◆ **The task**: Return a faithful copy of all the entries, omitting the images.

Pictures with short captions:
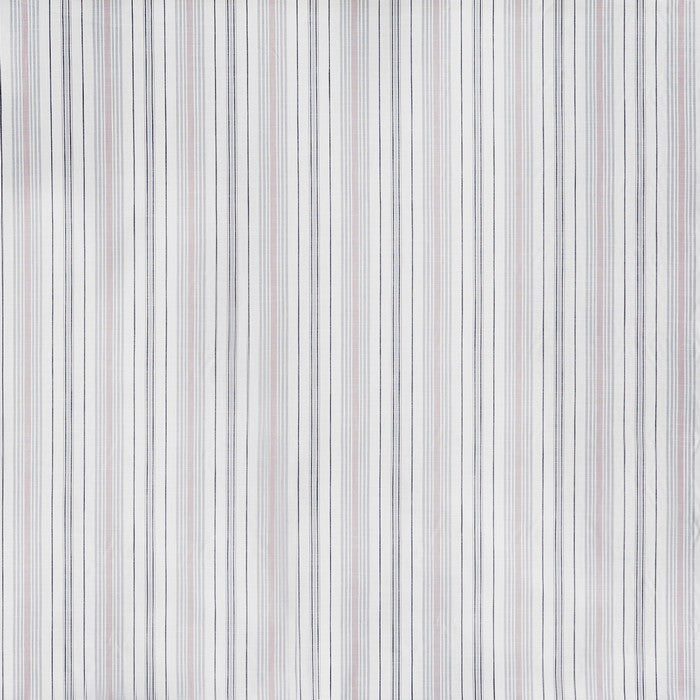 Ridgewood Fabric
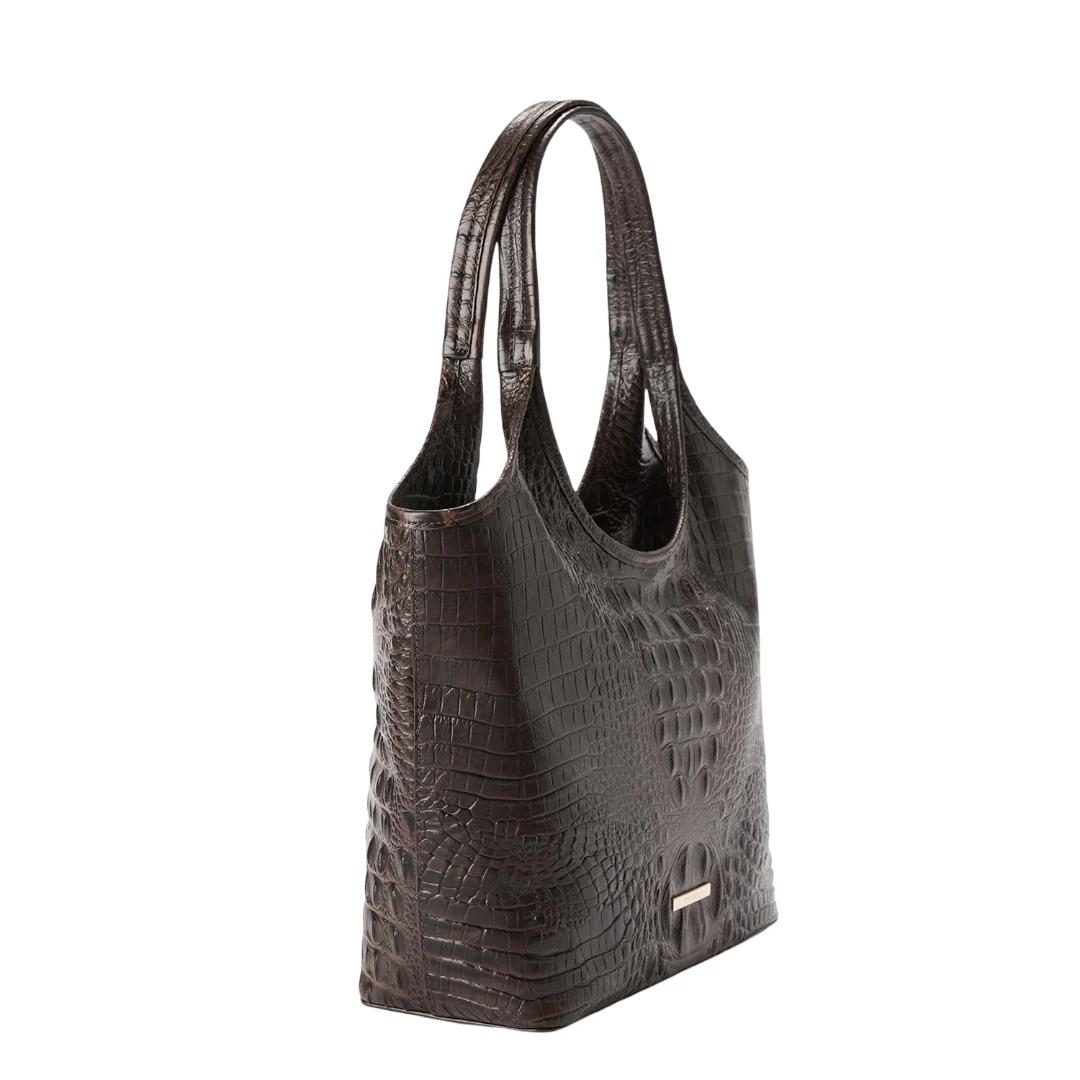 BRAHMIN Melora Tote Handbag - Image 2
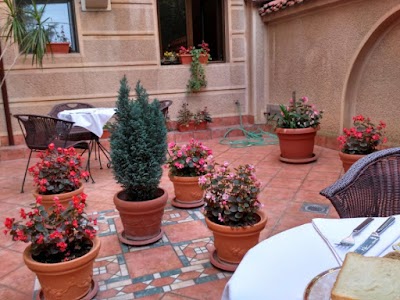 Photos of Hotel Glam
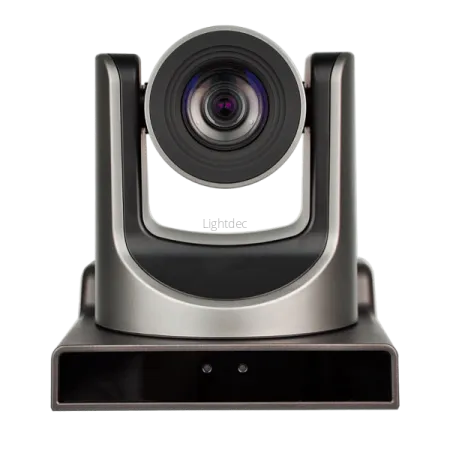 d250a9ef4f61347671d28593787a3a62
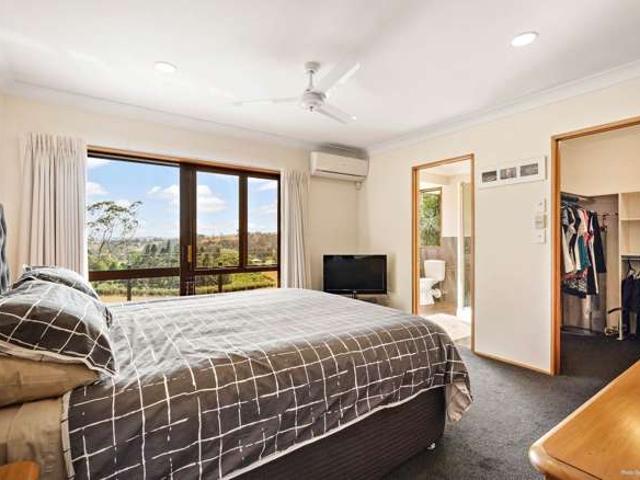 House for rent in Awhitu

◆ **The completed task**:
 Ridgewood Fabric
 BRAHMIN Melora Tote Handbag - Image 2
 Photos of Hotel Glam
 d250a9ef4f61347671d28593787a3a62
 House for rent in Awhitu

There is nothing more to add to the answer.